REQUIRED WORK
In the entries that follow, the line with "Sale cars: Mercedes-Benz" opens the range and the line with "Patroli Gabungan Skala Besar TNI-POLRI" closes it; repeat that range exactly, both lines included.

── INFORMATION GIVEN ──

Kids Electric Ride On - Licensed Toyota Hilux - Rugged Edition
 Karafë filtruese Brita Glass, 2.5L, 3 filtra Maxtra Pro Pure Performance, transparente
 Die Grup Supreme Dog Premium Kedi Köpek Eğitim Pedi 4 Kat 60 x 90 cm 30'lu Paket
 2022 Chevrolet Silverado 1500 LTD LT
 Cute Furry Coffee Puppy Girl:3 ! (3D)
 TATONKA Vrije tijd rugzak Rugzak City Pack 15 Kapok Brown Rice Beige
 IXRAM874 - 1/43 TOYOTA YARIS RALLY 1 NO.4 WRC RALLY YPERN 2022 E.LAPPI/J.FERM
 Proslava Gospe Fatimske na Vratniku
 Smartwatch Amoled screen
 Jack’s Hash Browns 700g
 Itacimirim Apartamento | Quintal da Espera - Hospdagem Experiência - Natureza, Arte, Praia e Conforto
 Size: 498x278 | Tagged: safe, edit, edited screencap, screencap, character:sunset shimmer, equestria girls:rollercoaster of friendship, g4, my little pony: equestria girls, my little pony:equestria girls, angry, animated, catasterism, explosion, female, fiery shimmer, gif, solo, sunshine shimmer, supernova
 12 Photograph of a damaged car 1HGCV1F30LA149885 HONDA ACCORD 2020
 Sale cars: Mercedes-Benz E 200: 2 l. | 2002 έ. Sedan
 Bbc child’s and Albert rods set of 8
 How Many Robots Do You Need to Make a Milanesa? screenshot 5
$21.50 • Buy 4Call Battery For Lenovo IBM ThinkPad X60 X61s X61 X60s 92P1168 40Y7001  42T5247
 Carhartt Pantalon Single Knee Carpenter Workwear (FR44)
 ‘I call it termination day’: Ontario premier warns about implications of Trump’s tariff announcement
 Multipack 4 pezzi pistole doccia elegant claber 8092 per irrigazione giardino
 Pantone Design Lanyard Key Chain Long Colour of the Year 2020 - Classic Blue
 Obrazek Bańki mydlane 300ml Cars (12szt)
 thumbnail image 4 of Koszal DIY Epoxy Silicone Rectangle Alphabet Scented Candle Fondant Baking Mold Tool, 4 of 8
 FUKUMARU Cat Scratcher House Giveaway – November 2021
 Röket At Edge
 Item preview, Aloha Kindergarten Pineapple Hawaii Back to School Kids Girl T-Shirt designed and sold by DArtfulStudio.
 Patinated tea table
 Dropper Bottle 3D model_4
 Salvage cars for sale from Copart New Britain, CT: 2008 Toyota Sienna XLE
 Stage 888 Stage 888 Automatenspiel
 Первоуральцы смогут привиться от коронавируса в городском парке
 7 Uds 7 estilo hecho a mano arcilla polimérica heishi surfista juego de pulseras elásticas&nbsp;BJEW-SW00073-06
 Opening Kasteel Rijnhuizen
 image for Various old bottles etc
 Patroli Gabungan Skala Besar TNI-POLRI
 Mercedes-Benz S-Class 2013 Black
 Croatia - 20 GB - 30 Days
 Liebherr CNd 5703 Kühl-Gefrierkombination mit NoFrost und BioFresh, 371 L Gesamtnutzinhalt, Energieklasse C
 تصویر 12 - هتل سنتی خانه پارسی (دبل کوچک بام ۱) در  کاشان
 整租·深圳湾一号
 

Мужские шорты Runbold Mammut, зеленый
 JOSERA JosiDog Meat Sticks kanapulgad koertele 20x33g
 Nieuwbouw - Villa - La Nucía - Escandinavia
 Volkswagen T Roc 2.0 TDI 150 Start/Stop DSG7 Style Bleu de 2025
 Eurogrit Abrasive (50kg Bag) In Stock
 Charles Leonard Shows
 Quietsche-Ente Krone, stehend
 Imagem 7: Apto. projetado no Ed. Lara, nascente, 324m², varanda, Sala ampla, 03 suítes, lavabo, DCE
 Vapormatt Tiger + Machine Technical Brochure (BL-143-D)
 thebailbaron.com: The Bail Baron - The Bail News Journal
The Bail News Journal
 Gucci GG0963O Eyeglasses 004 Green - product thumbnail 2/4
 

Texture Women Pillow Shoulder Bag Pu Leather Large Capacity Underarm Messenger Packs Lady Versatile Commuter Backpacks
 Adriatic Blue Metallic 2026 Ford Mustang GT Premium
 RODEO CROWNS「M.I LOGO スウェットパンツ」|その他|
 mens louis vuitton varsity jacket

───

ANSWER FOR THE TASK
 Sale cars: Mercedes-Benz E 200: 2 l. | 2002 έ. Sedan
 Bbc child’s and Albert rods set of 8
 How Many Robots Do You Need to Make a Milanesa? screenshot 5
$21.50 • Buy 4Call Battery For Lenovo IBM ThinkPad X60 X61s X61 X60s 92P1168 40Y7001  42T5247
 Carhartt Pantalon Single Knee Carpenter Workwear (FR44)
 ‘I call it termination day’: Ontario premier warns about implications of Trump’s tariff announcement
 Multipack 4 pezzi pistole doccia elegant claber 8092 per irrigazione giardino
 Pantone Design Lanyard Key Chain Long Colour of the Year 2020 - Classic Blue
 Obrazek Bańki mydlane 300ml Cars (12szt)
 thumbnail image 4 of Koszal DIY Epoxy Silicone Rectangle Alphabet Scented Candle Fondant Baking Mold Tool, 4 of 8
 FUKUMARU Cat Scratcher House Giveaway – November 2021
 Röket At Edge
 Item preview, Aloha Kindergarten Pineapple Hawaii Back to School Kids Girl T-Shirt designed and sold by DArtfulStudio.
 Patinated tea table
 Dropper Bottle 3D model_4
 Salvage cars for sale from Copart New Britain, CT: 2008 Toyota Sienna XLE
 Stage 888 Stage 888 Automatenspiel
 Первоуральцы смогут привиться от коронавируса в городском парке
 7 Uds 7 estilo hecho a mano arcilla polimérica heishi surfista juego de pulseras elásticas&nbsp;BJEW-SW00073-06
 Opening Kasteel Rijnhuizen
 image for Various old bottles etc
 Patroli Gabungan Skala Besar TNI-POLRI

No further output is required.